I already posted on L.A.-based Rentech’s plans to build a $500-million jet fuel biorefinery four hours north of Sault St. Marie, Ontario, using residual crown timber. My latest Clean Break column looks at that project in more detail and against the backdrop of a coming European Union aviation “carbon” tax that will hit all airlines flying into the EU on Jan. 1, 2012.
Also, I had a chance to attend a panel at the BIO World Congress conference in Toronto this week on the challenges of producing renewable jet fuel. The panellists all agreed that producing low-carbon jet fuel from algae, jatropha, camelina and wood was not only technically doable but could be done economically. The potential problem, as one panellist pointed out, is that producers may opt first to make higher value products, such as green chemicals and nutriceuticals, which can fetch a much higher price per litre and, by association, a higher profit. In other words, we can make the green jet fuel, but will we use it as jet fuel?
So far, that’s Rentech’s intention — but will it change its mind? Either way, from a climate perspective, the end product will still presumably displace petroleum-based feedstocks, so it would seem all good in the end.
My Clean Break column today takes a look at some recent efforts to turn the oils from algae and certain non-food crops into jet fuel, which at roughly 8 per cent of the market for petroleum products — compared to gasoline’s take of 43 per cent in Canada and 46 per cent in the U.S. — could be significantly displaced by the greener variety.
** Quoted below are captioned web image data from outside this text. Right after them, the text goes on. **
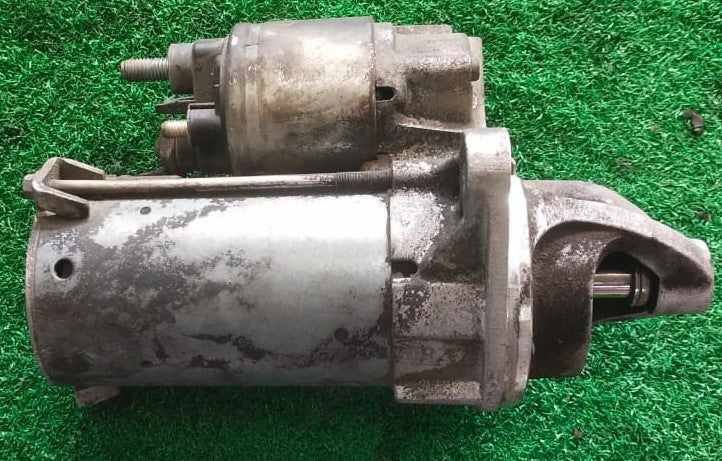 FORD ECO SPORT STARTER (8V21-11000-BE-U)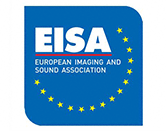 Nikon D850 и AF-S NIKKOR 180-400mm f/4E TC1.4 FL ED VR получают награду EISA 2018/2019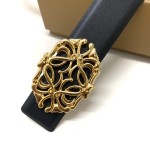 LOEVE original single counter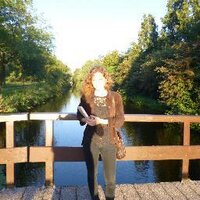 Wyloën Munhoz-Boillot (@wylo_mb) 's Twitter Profile Photo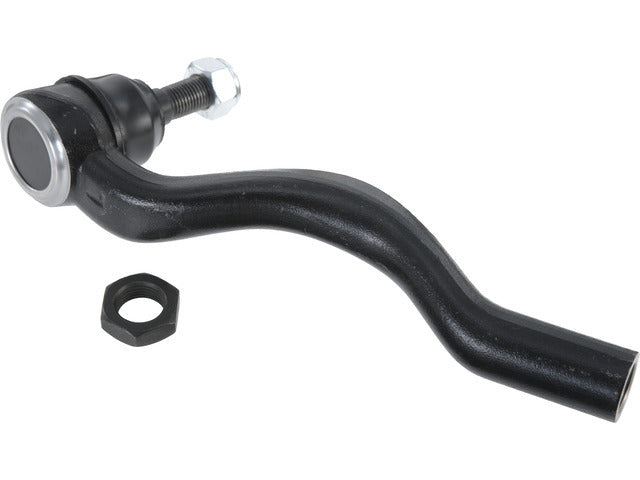 Tie Rod End 2600-497174         API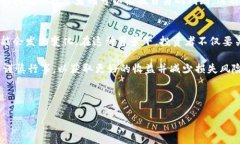 在讨论“tokenim”是否合法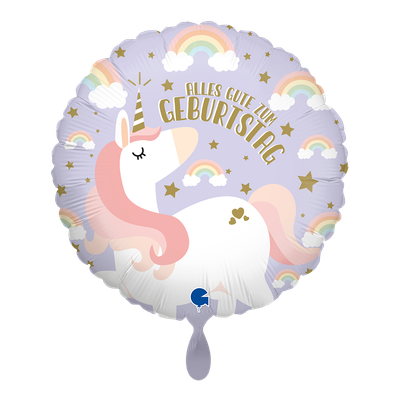 Einhorn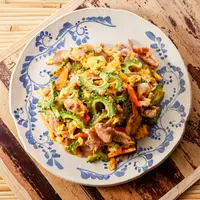 Ilustrasi/copyright shutterstock.com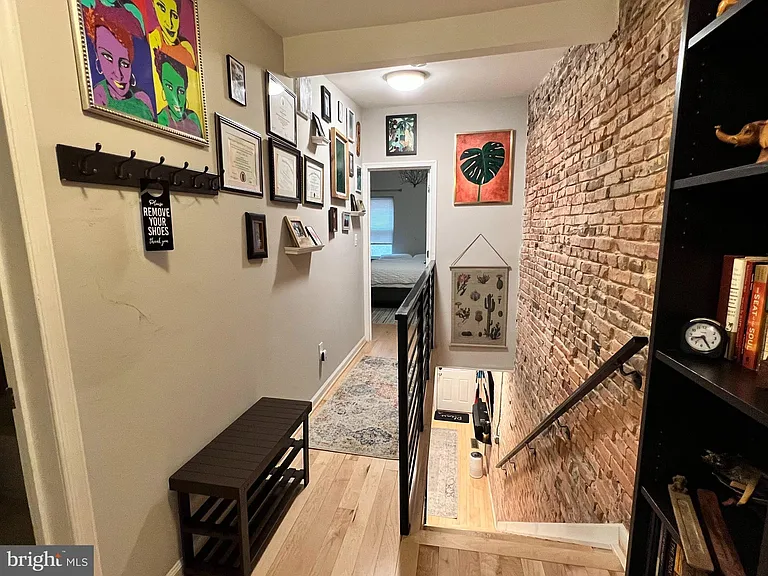 1125 Wicomico St — Photo 14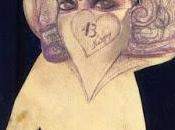 288/313 plus grande énigme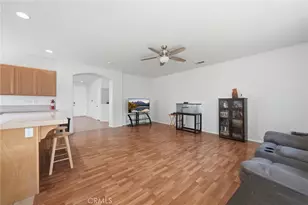 123 Lily, San Jacinto, CA 92583 - Photo 38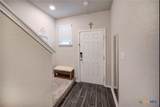 152 Honey Oak Lane - Photo 5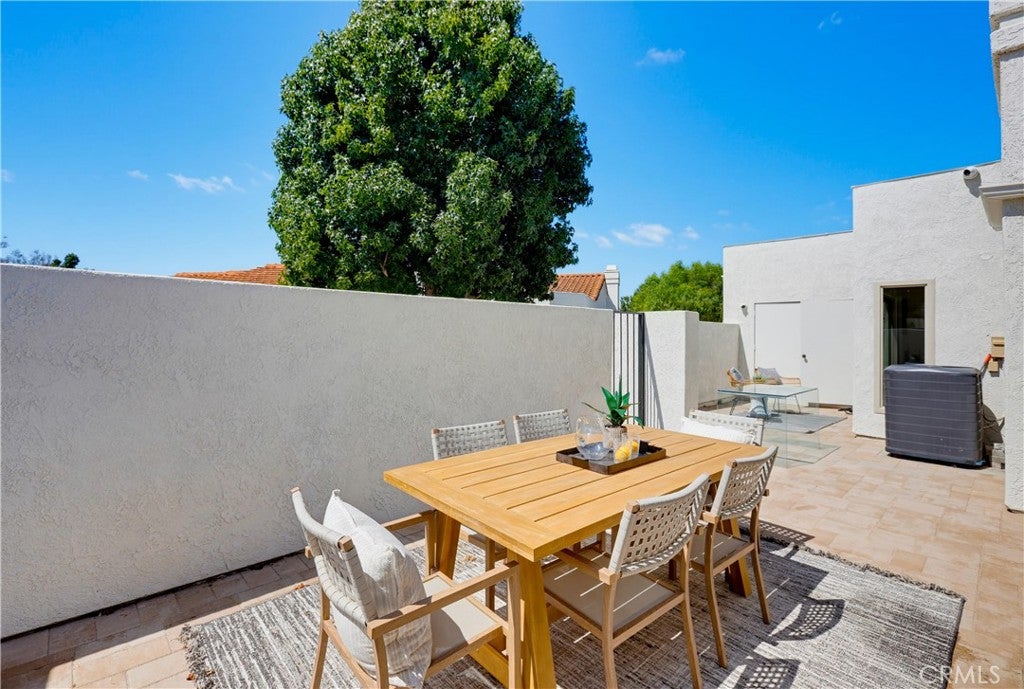 31911 Via Flores 27, San Juan Capistrano CA 92675 - Photo 16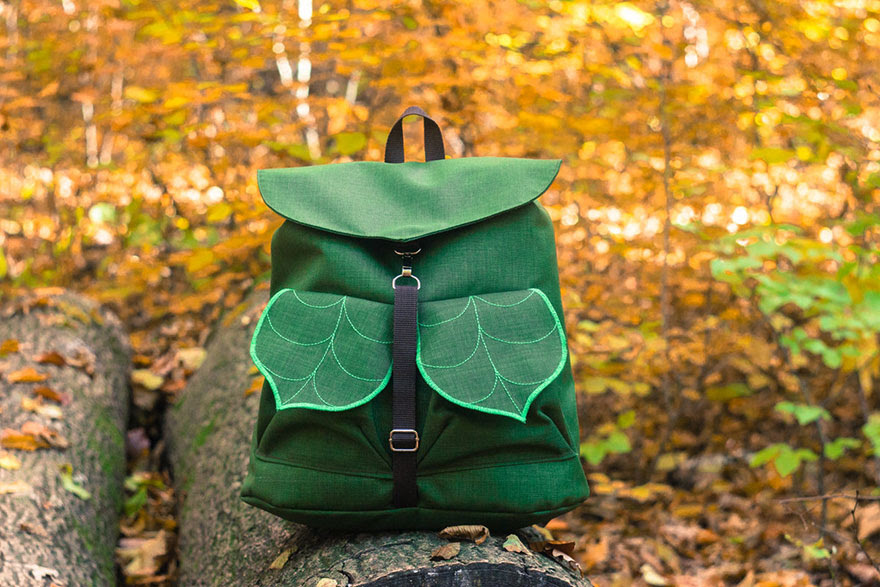 leaf-bags-leafling-gabriella-moldovanyi-21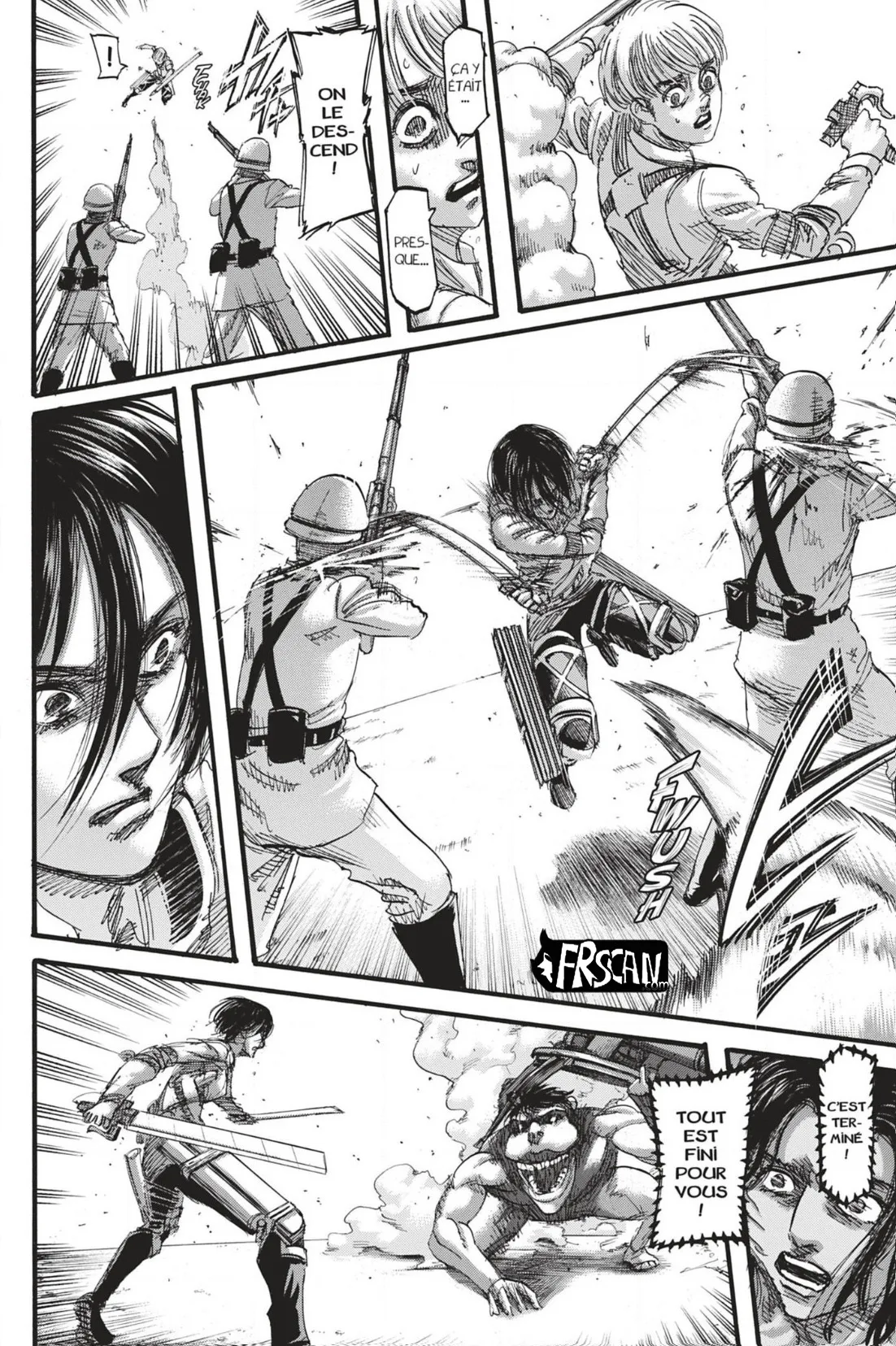 Shingeki No Kyojin - 119 - 65ceb2686c3f6.webp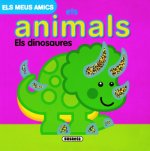 Els dinosaures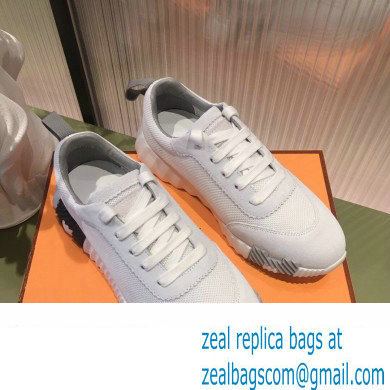 Hermes Bouncing Sneakers 03 2022 - Click Image to Close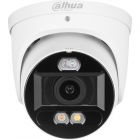  - Dahua DH-IPC-HDW3449HP-ZAS-PV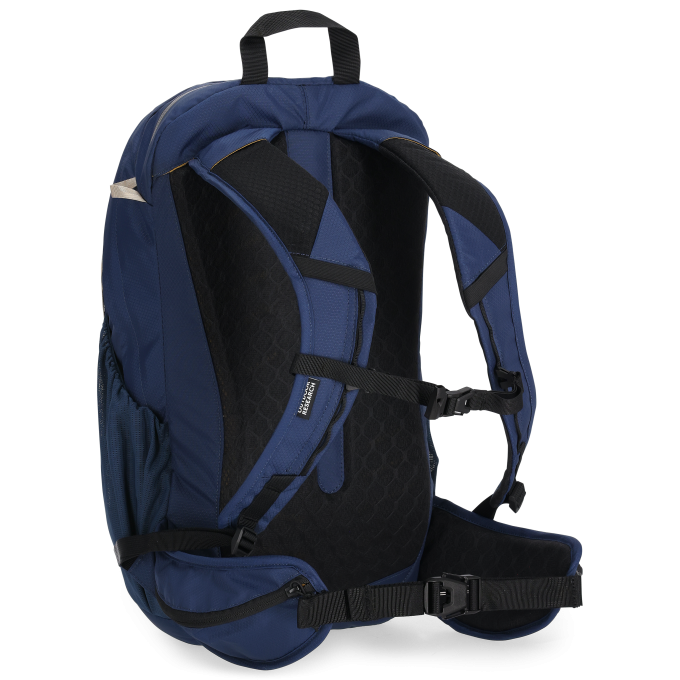Adrenaline Day Pack 30L
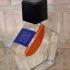Tauer Perfumes Cologne Du Maghreb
There’s also the fact that airplanes, unlike cars, trucks and buses, can’t run on electricity. As you’ll know from reading this blog and my column, I am a strong advocate for concentrating biofuel R&D and production efforts on jet fuel displacement.
The column begins with a look at a company in Halifax, Nova Scotia, called Ocean Nutrition Canada. Its core business is making Omega-3 fatty acid supplements, and its the largest supplier of this product in the world. But recently company scientists stumbled upon an interesting form of algae after screening hundreds of ocean microorganisms. They discovered a heterotrophic algae, in reality a protist, that is 60 times more productive at making oils than other types of algae that rely on sunlight and CO2. Heterotrophs, like humans, grow by eating carbon-based materials. Ocean Nutrition Canada, which has patented the unique organism — called ONC T18 B — was approached by some folks in the biofuel industry and encouraged to lead a project consortium funded by Sustainable Development Technology Canada and which includes the National Research Council and Lockheed Martin. They plan to demonstrate they can grow the algae on a large scale using a waste stream feedstock. Project partner Honeywell UOP will convert the algae oil into jet fuel.
Honeywell UOP is also involved with another SDTC project aimed at producing jet fuel, this one based on camelina oil. Targeted Growth Canada of Saskatchewan is heading that consortium, which includes Bombardier and Pratt & Whitney Canada. Early next year, the first test of that fuel will take place in a Porter Airlines Bombardier Q400 turboprop, which typically fly out of Toronto’s island airport.